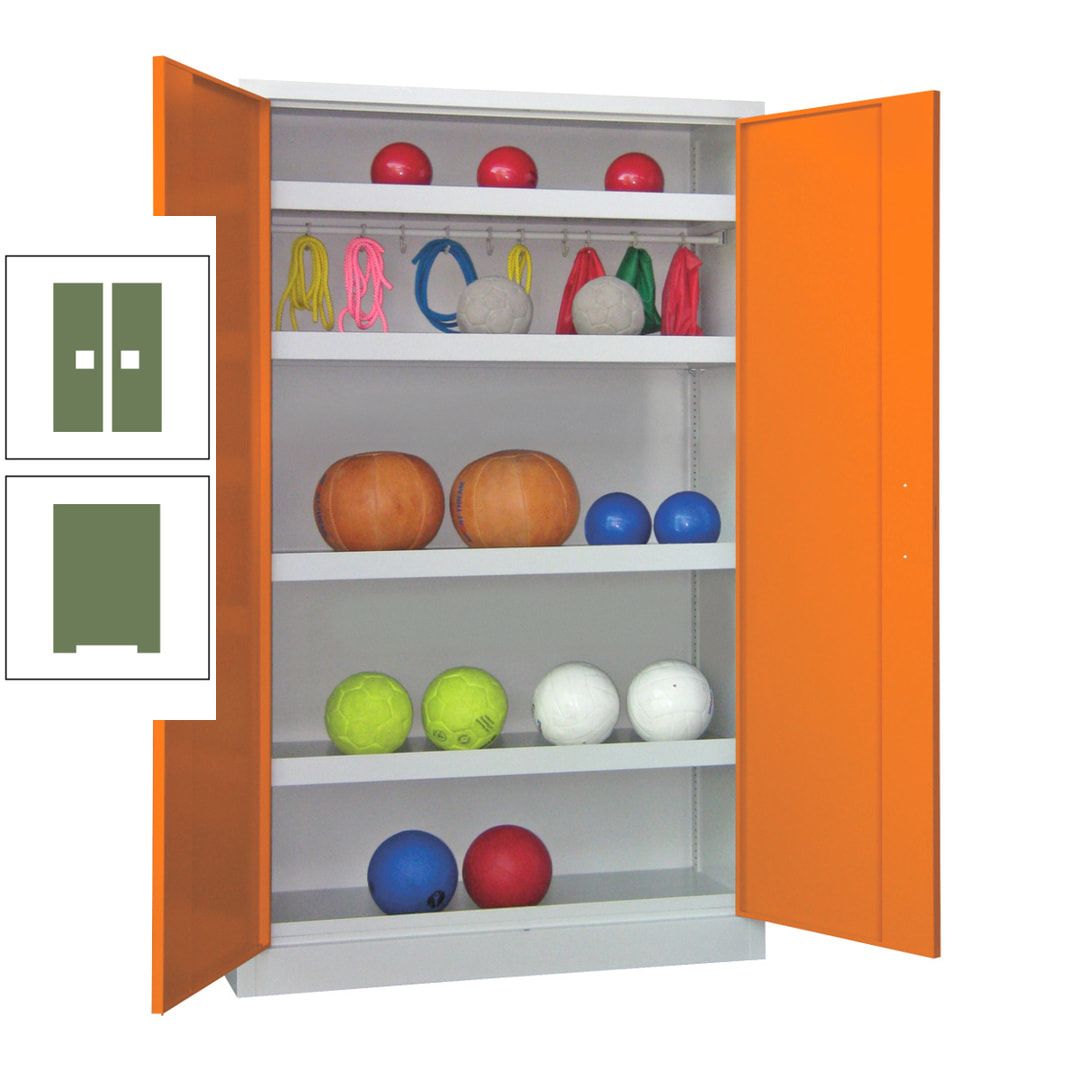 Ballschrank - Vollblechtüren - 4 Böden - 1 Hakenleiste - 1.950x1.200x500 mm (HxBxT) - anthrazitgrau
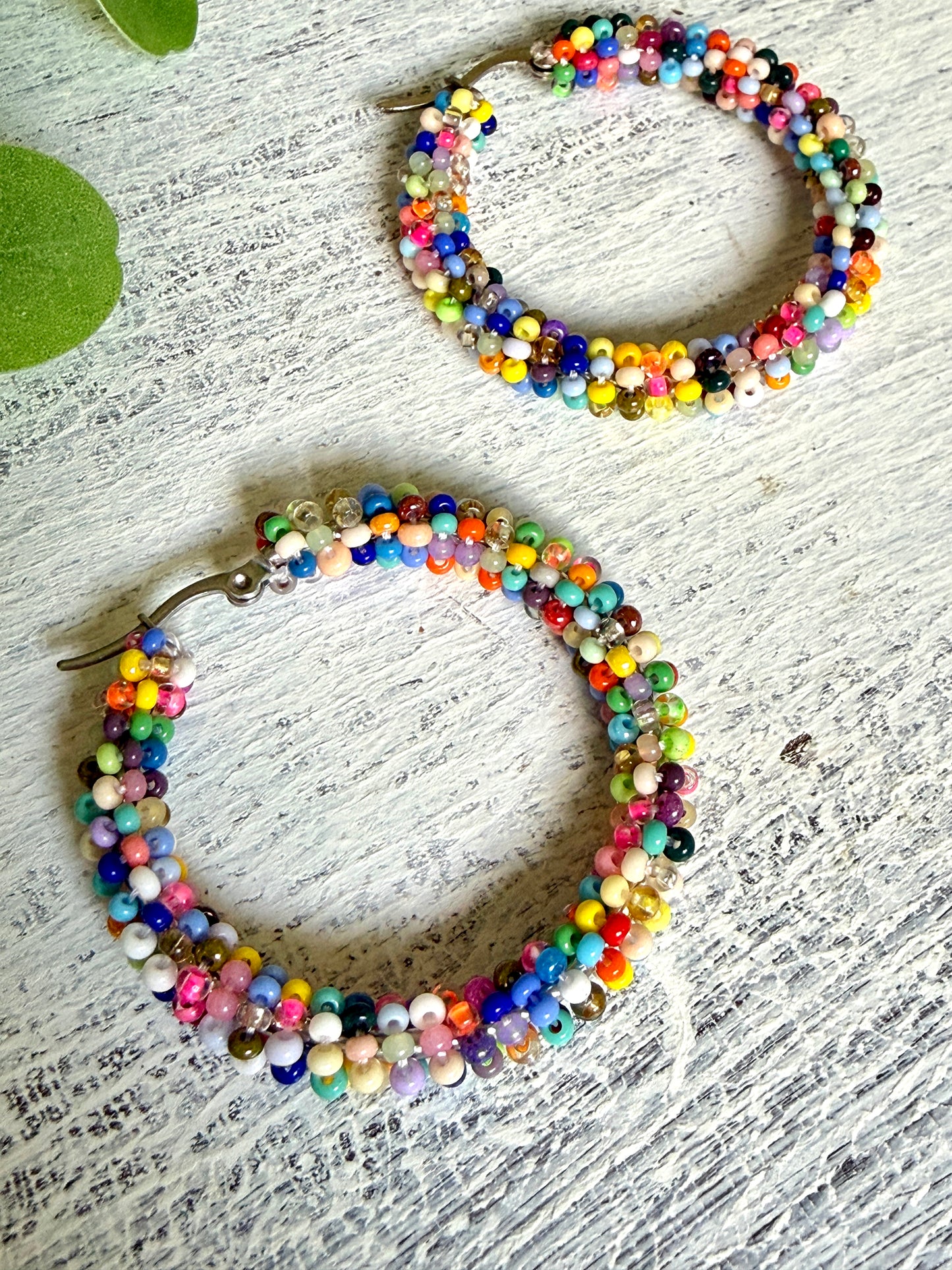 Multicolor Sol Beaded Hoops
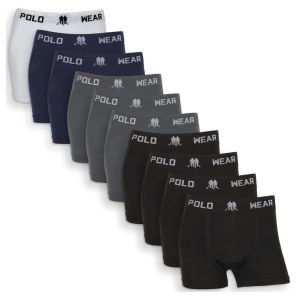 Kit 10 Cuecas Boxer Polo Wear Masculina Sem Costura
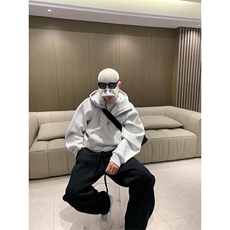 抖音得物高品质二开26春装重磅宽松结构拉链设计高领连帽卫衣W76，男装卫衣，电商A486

▶ _Problem description_
Retype the data above in full, exactly as it stands, and skip any image.

▶ _Solution for this task_
 Ballschrank - Vollblechtüren - 4 Böden - 1 Hakenleiste - 1.950x1.200x500 mm (HxBxT) - anthrazitgrau
 Multicolor Sol Beaded Hoops
 Kit 10 Cuecas Boxer Polo Wear Masculina Sem Costura
 抖音得物高品质二开26春装重磅宽松结构拉链设计高领连帽卫衣W76，男装卫衣，电商A486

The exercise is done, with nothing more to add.